Was die Privatisierung von Seen angeht, so haben wir bisher mit der BVVG vereinbart, an erster Stelle den Kommunen ein Kaufangebot zu unterbreiten. Hierbei können natürlich auch die Landkreise hilfreich sein. An zweiter Stelle werden den ansässigen Fischern, soweit sie am Standort vorhanden sind, Kauf- bzw. Pachtverträge angeboten. Erst dann, wenn beides nicht greift, wird ausgeschrieben. Das Land nimmt Einfluss, wenn Probleme auftreten, um Kommunen und Fischern zu helfen.

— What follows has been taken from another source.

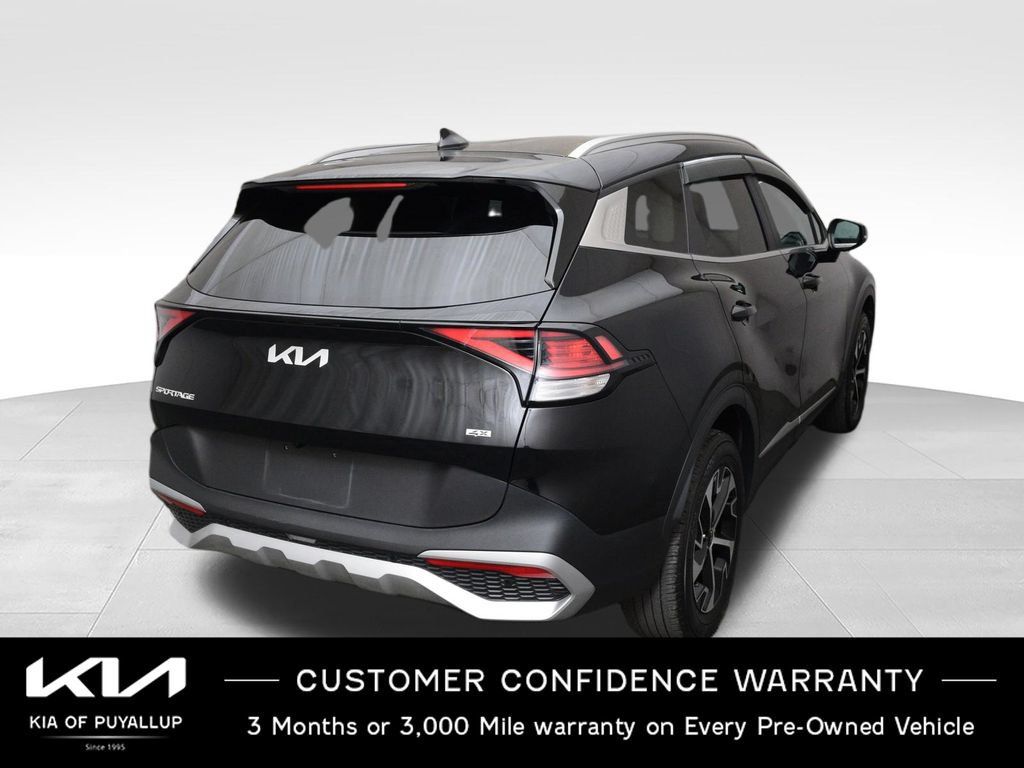 Certified 2023 Kia Sportage EX AWD/4WD image 5
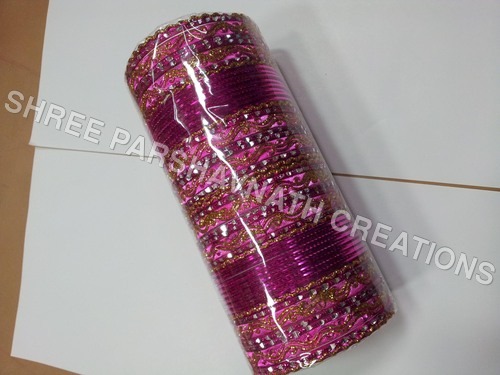 Cutting  pink bangles sets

Das ist der gegenwärtige Stand.

Zur Anzahl der Seen, die derzeit bei der BVVG in der Verwaltung sind, und deren unterschiedlichen Größen, hat Herr Luthardt Angaben gemacht; das möchte ich nicht wiederholen.

Ich unterstütze aus ganzem Herzen die Forderung von Bürgerinnen und Bürgern, von Kommunal- und Landespolitikern, die Gewässer, die die BVVG im Auftrag des Bundes privatisiert und verwaltet, unentgeltlich zu übertragen. Im Unterschied zu Mecklenburg-Vorpommern befürworte ich allerdings hauptsächlich eine Übertragung an die Kommunen - das unterscheidet uns - sowie die Nutzung durch Fischer und Angehörige des Anglerverbandes. Erst in zweiter Linie plädiere ich für eine Übertragung vom Bund auf das Land. Auch bin ich in begründeten Fällen, wenn es aus naturschutzfachlichen Belangen ge

boten ist, durchaus für eine Übertragung von Gewässern auch an Naturschutzverbände.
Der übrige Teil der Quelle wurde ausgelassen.